Systematische Theologie: Ethik

Autor/Hrsg.:

Spaemann, Robert

Titel/Untertitel:

Personen. Versuche über den Unterschied zwischen ’etwas’ und ’jemand’.

Verlag:

Stuttgart: Klett-Cotta 1996. 275 S. gr.8°. Lw. DM 48,­. ISBN 3-608-91813-2.

Rezensent:

Rochus Leonhardt

In seinem Buch Practical Ethics (1979; 21993, dt. 1994) hat der australische Publizist Peter Singer Auffassungen vertreten, die vor allem im deutschsprachigen Raum z. T. erbitterte Kontroversen ausgelöst haben. Er kritisiert die Überzeugung, nach der menschliches Leben als prinzipiell unantastbar gilt und deshalb in besonderer Weise schutzwürdig ist. Ein "Recht auf Leben und körperliche Unversehrtheit" (GG Art. 2 Abs. 2) kommt nach Singer lediglich Personen zu, die er als selbstbewußte und rationale Wesen definiert. Nun sind für ihn Mensch und Person durchaus nicht bedeutungsgleich, vielmehr gibt es (1) nichtmenschliche Lebewesen, die vernunftbegabt und selbstbewußt sind, und es gibt (2) menschliche Lebewesen, die diese Merkmale nicht aufweisen.
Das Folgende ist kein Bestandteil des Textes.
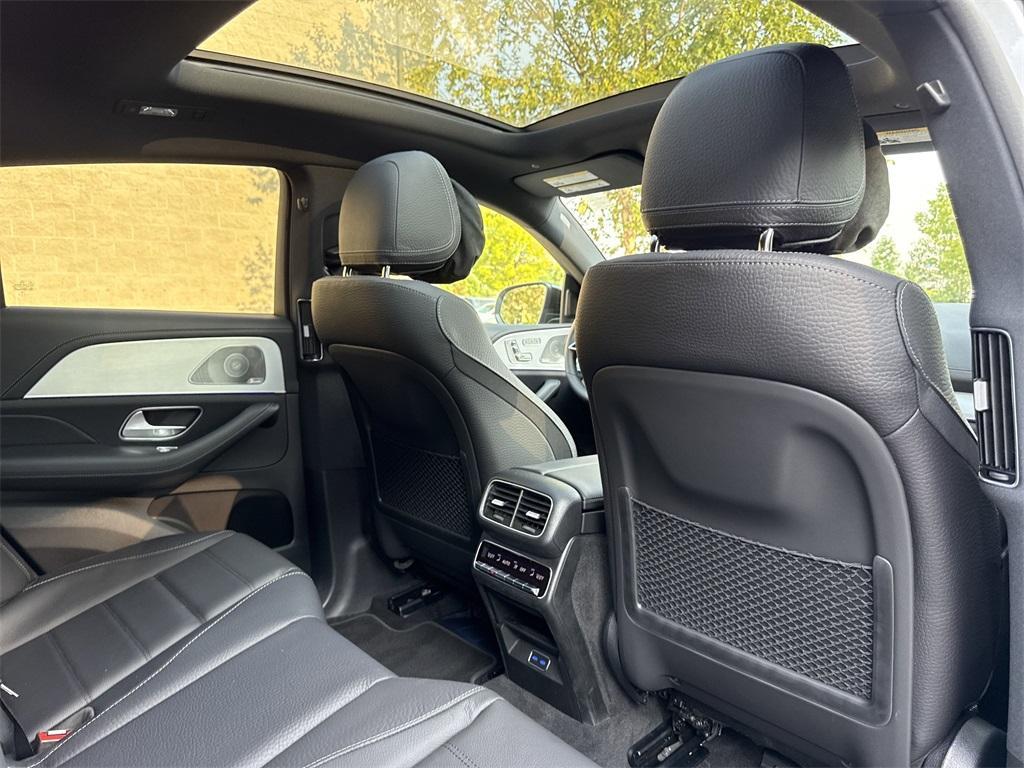 new 2026 Mercedes-Benz GLE 450 car, priced at $92,810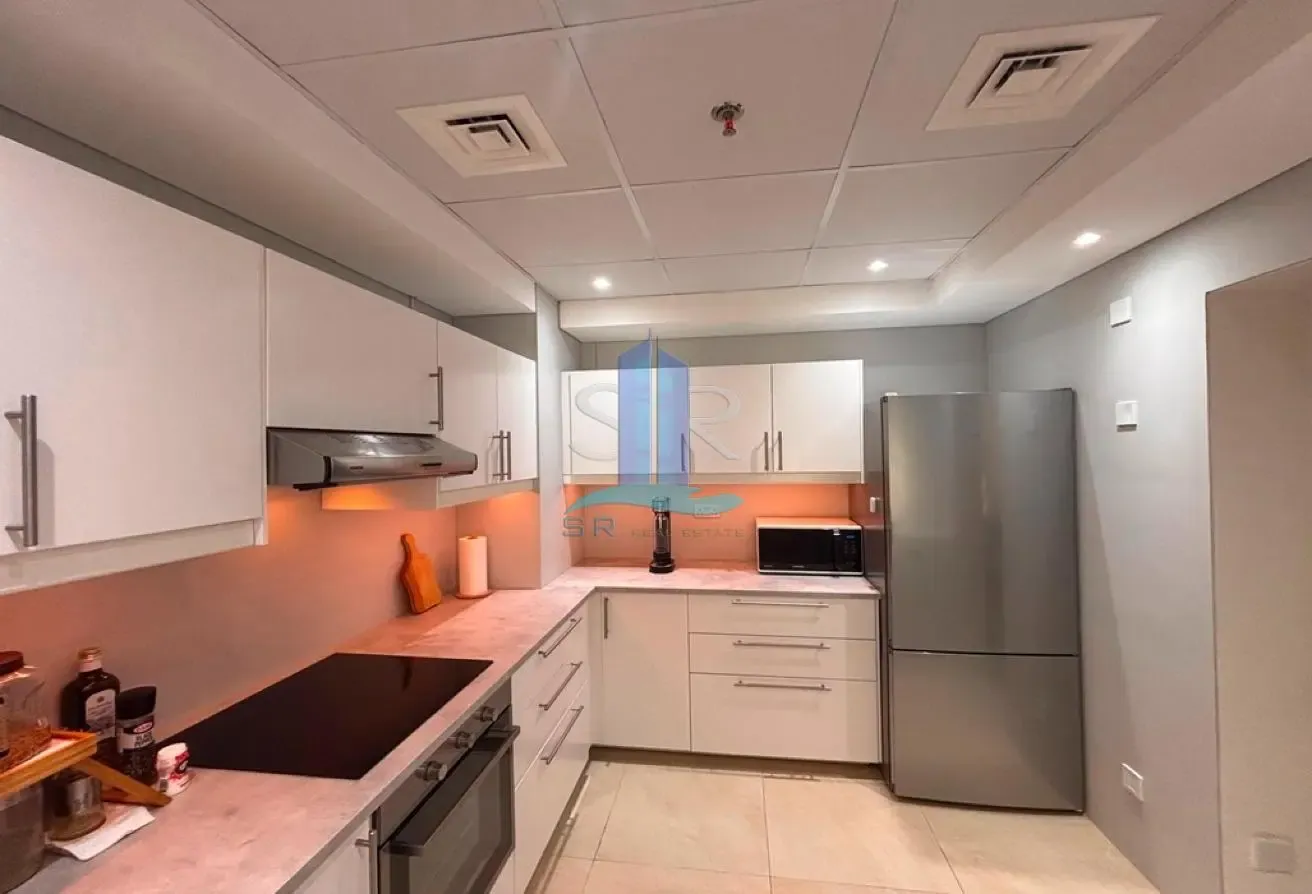 Spacious Layout l 1 BR upgraded l Pool View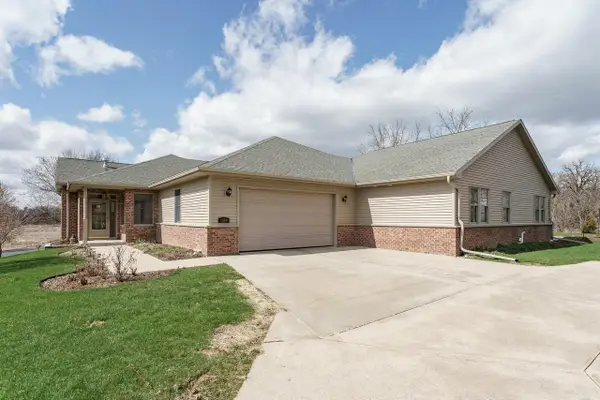 1568 East Gate DRIVE, Watertown, WI 53094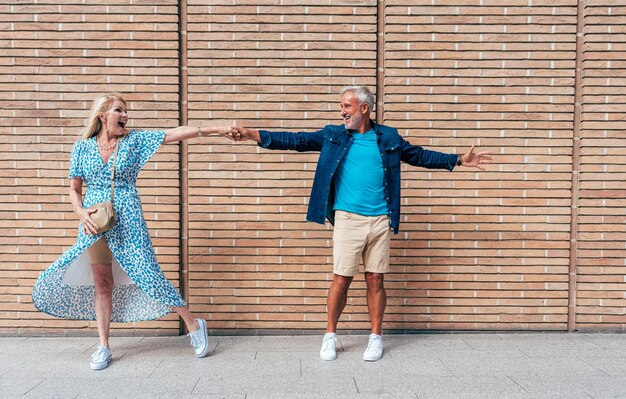 Foto um casal de seniores feliz a passar tempo juntos na cidade de londres.
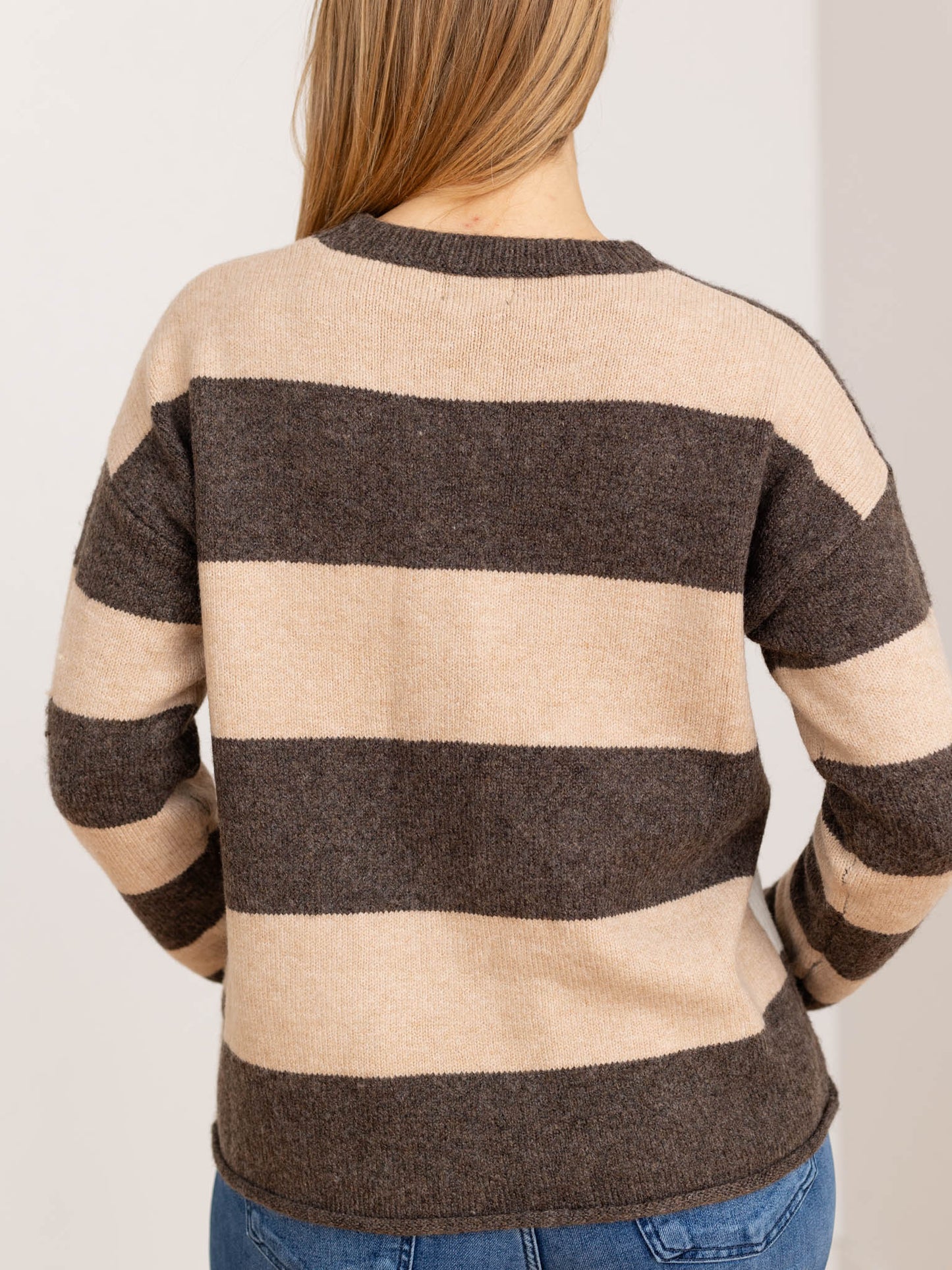 Maglione Donna Girocollo a Righe Bloccate con Spalle Scese – Stile Quotidiano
Schimpansen oder Delphine zu töten, ist danach moralisch verwerflicher als die Tötung von Menschen, die noch nicht (kleine Kinder), nicht mehr (Altersdebile) oder überhaupt nie über Vernunft und Selbstbewußtsein verfügen (schwer Debile).
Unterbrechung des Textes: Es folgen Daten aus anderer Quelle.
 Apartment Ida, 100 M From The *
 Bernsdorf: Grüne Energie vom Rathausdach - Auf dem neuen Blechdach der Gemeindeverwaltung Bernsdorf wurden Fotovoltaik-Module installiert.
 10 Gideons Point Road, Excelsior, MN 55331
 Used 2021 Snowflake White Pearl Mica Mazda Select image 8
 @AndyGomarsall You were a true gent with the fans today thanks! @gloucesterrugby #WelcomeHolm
Der katholische Philosoph Robert Spaemann, bis 1992 Ordinarius in München, setzt sich mit dem skizzierten Ansatz kritisch auseinander. Sein Augenmerk richtet sich dabei weniger auf die These, einigen nichtmenschlichen Lebewesen müsse der Personenstatus zugesprochen werden; zwar will er diese Möglichkeit nicht einfach ausschließen (vgl. 253. 264), doch ist er hier eher zurückhaltend (vgl. 68 f.). Sein eigentliches Interesse gilt der Überzeugung, nach der einigen Menschen der Personenstatus abzusprechen ist: "Sind alle Menschen Personen?" ­ dies ist die Leitfrage des Buches, die in der Einleitung ausdrücklich gestellt (11) und im Schlußkapitel resümierend beantwortet wird (252-264). S.s Antwort lautet: Natürlich sind alle Menschen Personen. Zwar erkennen wir anderen Menschen das Personsein aufgrund gewisser Artmerkmale wie Rationalität und Intentionalität zu. Für deren Anerkennung als Personen kommt es aber nicht auf das tatsächliche Vorhandensein dieser Merkmale an, sondern nur auf die Zugehörigkeit zur Art.
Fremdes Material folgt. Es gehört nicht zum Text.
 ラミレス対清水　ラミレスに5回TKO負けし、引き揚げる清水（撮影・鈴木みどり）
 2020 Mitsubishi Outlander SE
Um diese Paradoxie plausibel zu machen, wirft S. zunächst einen Blick auf die Geschichte des Person-Begriffs. Er hebt vor allem die Bedeutung der christlichen Theologie hervor, ohne die das, was wir heute Person nennen, "unbenennbar geblieben" wäre (27): Die zentralen philosophischen Einsichten zum klassischen Personbegriff wurden im Zusammenhang mit der Erarbeitung und Präzisierung des trinitarischen und des christologischen Dogmas formuliert. Dies wird sowohl unter Hinweis auf die altkirchliche Dogmenentwicklung als auch anhand einschlägiger Aussagen von Boethius, Richard von St.Victor und Thomas von Aquin vorgeführt.

Auf dieser Grundlage entwirft S. eine umfassende Theorie der menschlichen Person. Seine Definition lautet: Das Sein der Person ist das Haben einer Natur ­ "Personen sind, indem sie eine Natur ­ also zum Beispiel die menschliche Natur ­ als eine Weise zu sein haben" (81; vgl. 40. 115. 145. 230 u. ö.). Mit Haben einer Natur ist gemeint, daß Personen nicht einfach sind, was sie sind, sondern daß sie sich zu ihrem Sosein in ein Verhältnis setzen können. Diese innere Differenz des Menschen zu seinem Sosein beschreibt S. in Anlehnung an Plessner als "exzentrische Position" (23.96). Der Mensch vollzieht den Schritt von der reinen Selbstidentiät zum Selbstverhältnis. Er entdeckt seine ’Außenseite’, an der das eigene Sein für andere sichtbar wird ­ "indem der Mensch aufhört, unmittelbar mit seinem Erleben identisch zu sein, wird er ’mit sich identisch’" (170), d. h. er wird seiner selbst als Person ansichtig.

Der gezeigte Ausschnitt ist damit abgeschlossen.